1. High Annual Taxes

Most people are aware that cigarette taxes are among the most severe sin taxes levied anywhere on anything, but it's doubtful that many people really understand the heavy tax burden faced by tobacco companies. In fact, major cigarette manufacturers such as Philip Morris have to hand over more than half of their annual revenues to the taxman. In 2016, Philip Morris paid taxing authorities $48.2 billion of its $74 billion in total revenues, roughly 64%. Basically, the government is getting paid for 12.5 cigarettes out of every pack of 20 sold by Philip Morris.

In December 2017, the Tax Cuts and Jobs Act was signed into law, which reduced the company's corporate tax rate to 21%.

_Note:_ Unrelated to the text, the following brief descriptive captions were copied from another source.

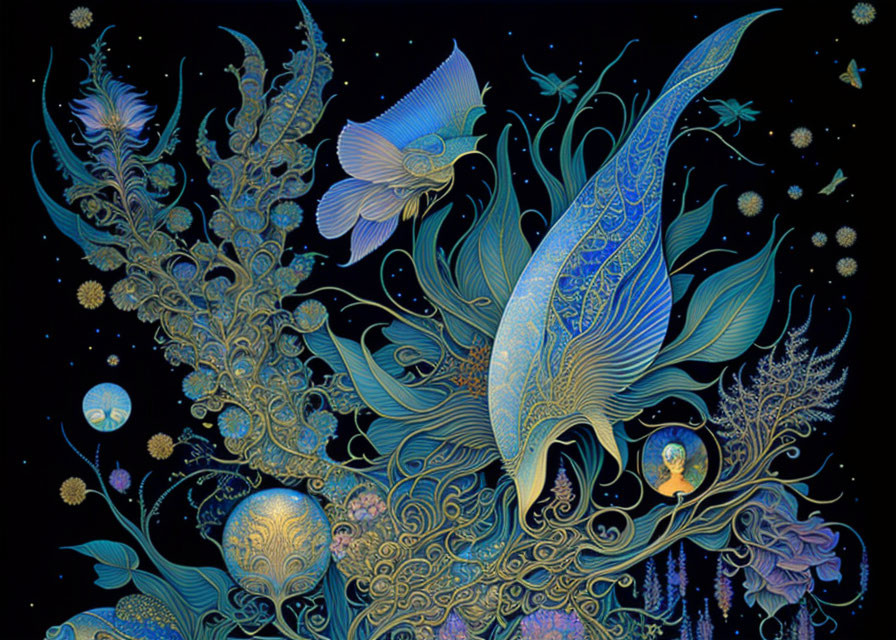 Illustration of ornate blue fish in underwater scene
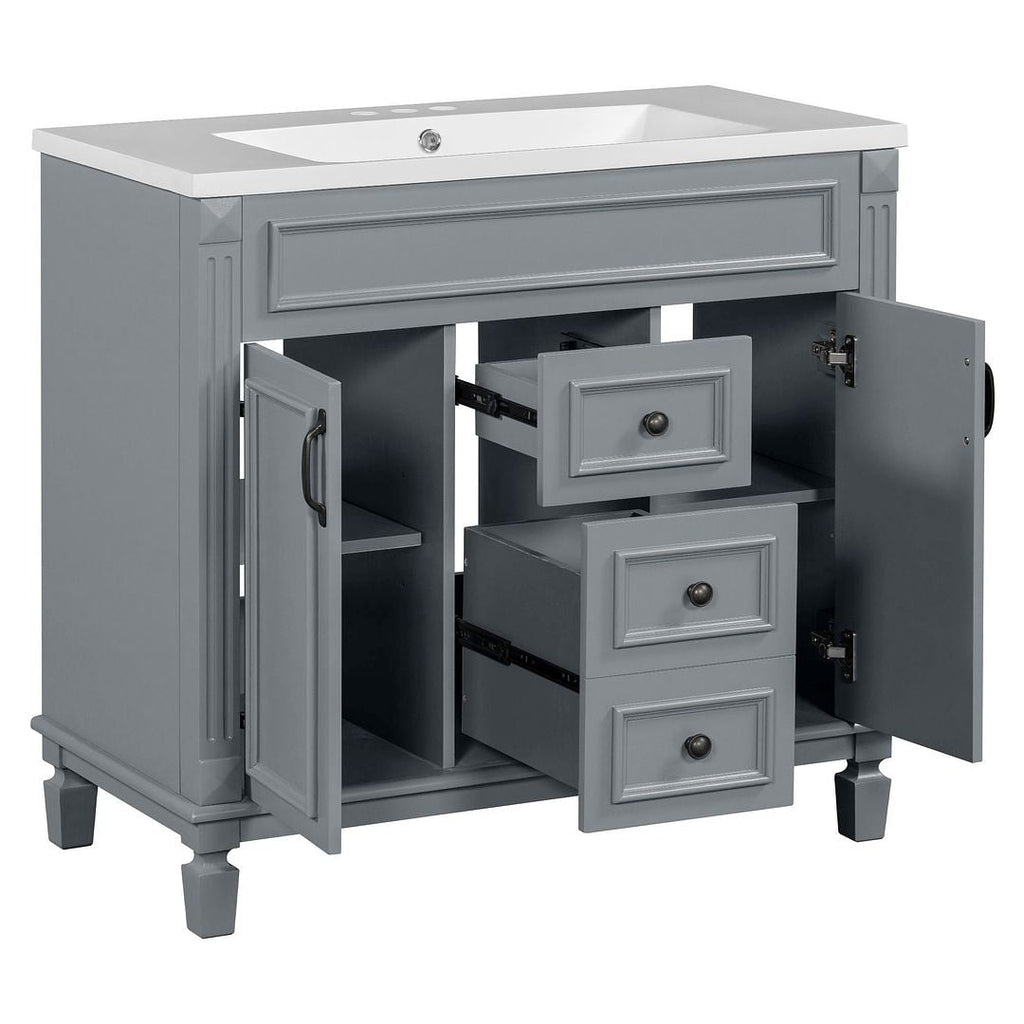 Meuble-lavabo de salle de bain moderne de 91 cm avec lavabo et armoire de toilette, 2 portes et 2 tiroirs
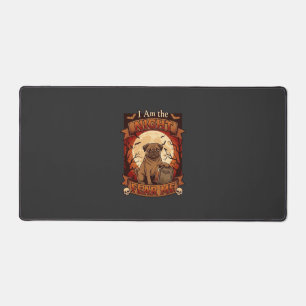 Am Night Fear Me Halloween Pug Moon Tombstone Desk Mat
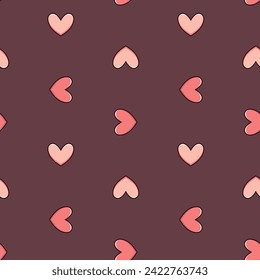 Valentine's Day seamless background with hearts. Cute and romantic pattern.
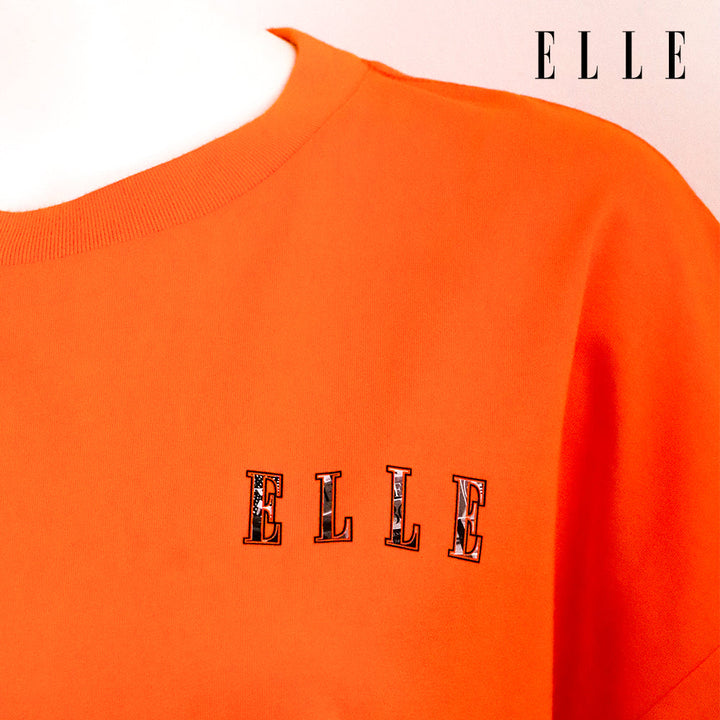 ELLE เสื้อยืด T-SHIRT ผ้า COTTON แขนสั้น ทรง CROP สกรีนลายกราฟฟิค ELLE LIMITED EDITION COLLECTION ELLE 80 YEARS รุ่น W3K723 ELLE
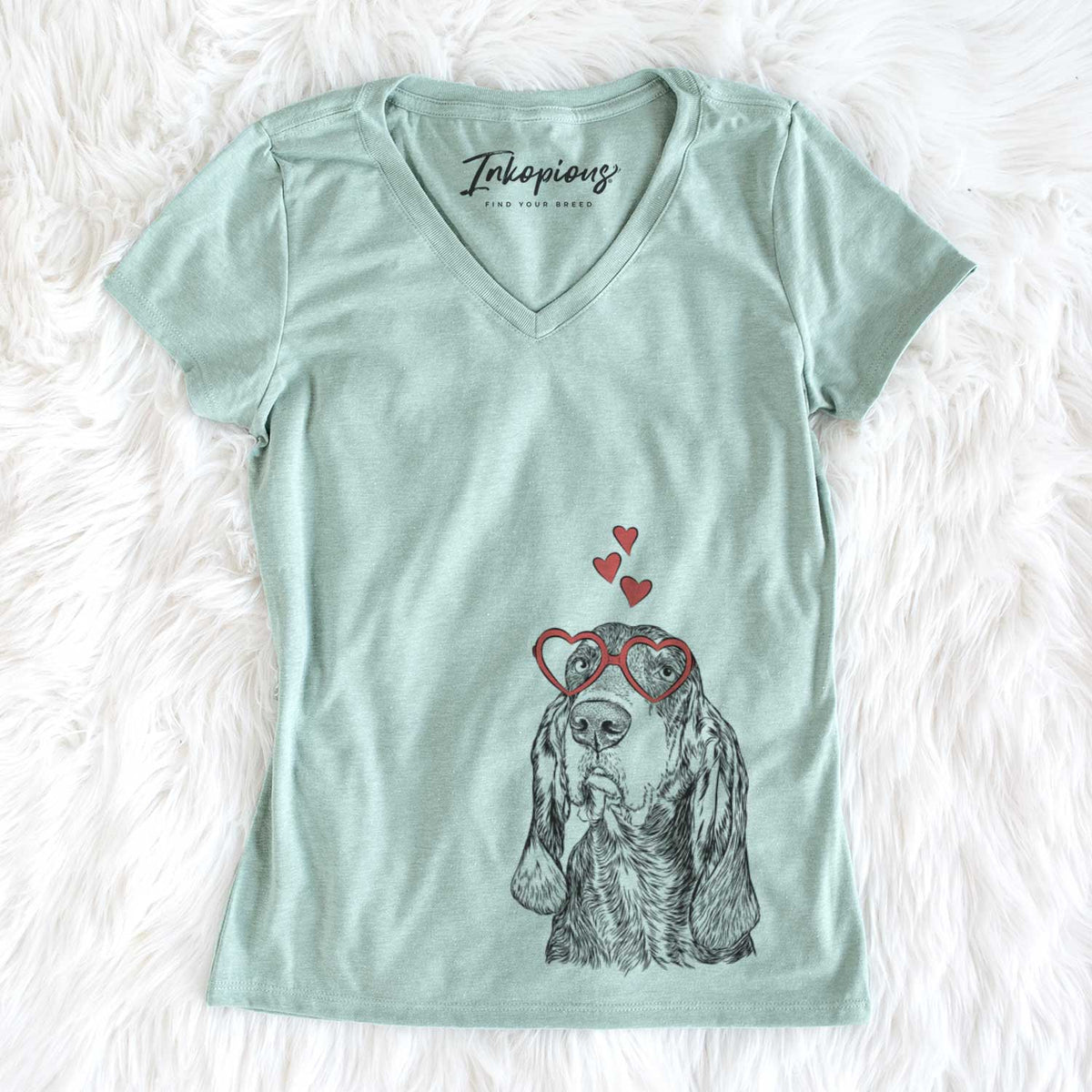 Valentine Stu the Black and Tan Coonhound - Women's V-neck Shirt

2. Marlboro Originally Marketed as Cigarette for Women

Although the Marlboro Man is one of the most widely recognized advertising images in history, a little known fact is that the Marlboro brand was originally marketed, in the 1920s, as a cigarette for women using the ad slogan "Mild as May." The cigarettes even featured a red band around the filter to hide lipstick stains. Famed advertising executive, Leo Burnett, was the man charged with transforming the brand into a cigarette for men, and came up with the iconic cowboy figure that came to be known as simply "the Marlboro Man."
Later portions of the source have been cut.